SIGNIFICANT VICTORIES BY GOLD LEE AND VANESSA COOKSEY – SEE NOTEWORTHY CASES

Lewis, Marenstein, Wicke, Sherwin & Lee, LLP

How should you handle a non-compete agreement?

When going through the hiring process, your potential employer may ask you to sign a non-compete agreement. A non-compete restricts where you can work if and when you leave your new job. The idea behind the contract is to keep employees from working for competitors within a small geographical area.

According to CNN, millions of workers sign non-compete agreements, but some do not recognize it. Generally, a company may ask executives to sign non-competes because it keeps the executive from bailing a new company with its secrets.

Should you negotiate a non-compete?

Be careful when you have to sign any paperwork for your new job. Some employers hide the non-compete within the business handbook. Before you sign the contract, you can negotiate the terms. Talk with your employer about whether he or she may negotiate some elements.
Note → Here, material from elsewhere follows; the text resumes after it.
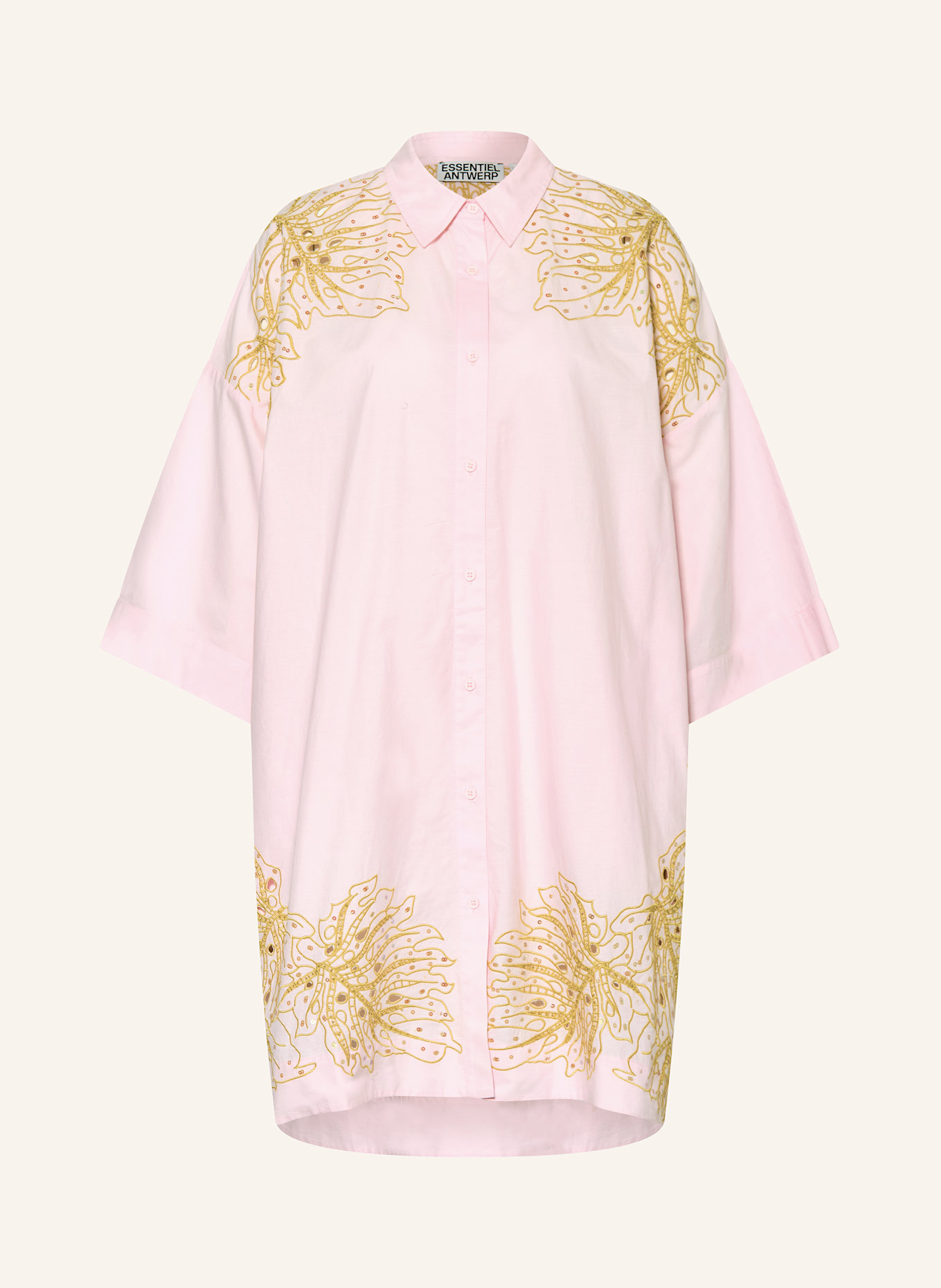 ESSENTIEL ANTWERP Hemdblusenkleid HONTANA mit Pailletten: PINK / HELLGRÜN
For example, maybe you want to narrow down the geographical area the non-compete applies to or perhaps you want it to last a shorter time.

Should you take non-competes seriously?

Some people sign a non-compete under the idea that the company probably will not sue them anyway. Companies will file lawsuits against former employees who violate non-compete orders. If you do fear you may be violating a non-compete, you should contact your former employer. Send a letter explaining how you do not believe you violated the order and give the company a few days to answer.

Generally, companies file lawsuits against former employees when the employees begin to take clients. For example, if you move to a new company or start your own business with the clientele from your previous company after signing a non-compete, you may face litigation.